Segment Start: Available records

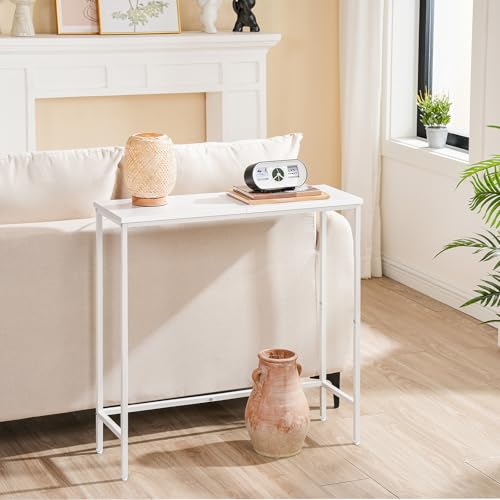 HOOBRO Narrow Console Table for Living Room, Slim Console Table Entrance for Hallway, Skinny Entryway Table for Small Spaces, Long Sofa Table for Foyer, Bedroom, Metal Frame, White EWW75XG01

Segment End: Available records
Segment Start: Available records

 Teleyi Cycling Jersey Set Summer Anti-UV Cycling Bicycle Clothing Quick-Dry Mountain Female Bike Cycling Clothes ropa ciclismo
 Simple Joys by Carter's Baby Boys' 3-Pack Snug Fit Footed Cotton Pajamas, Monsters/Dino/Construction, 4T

Segment End: Available records

▸ **Activity**
Within the material above, transcribe exactly the lines that run from the line holding "Teleyi Cycling Jersey" through the line holding "Simple Joys by".

▸ **Result of the task**
 Teleyi Cycling Jersey Set Summer Anti-UV Cycling Bicycle Clothing Quick-Dry Mountain Female Bike Cycling Clothes ropa ciclismo
 Simple Joys by Carter's Baby Boys' 3-Pack Snug Fit Footed Cotton Pajamas, Monsters/Dino/Construction, 4T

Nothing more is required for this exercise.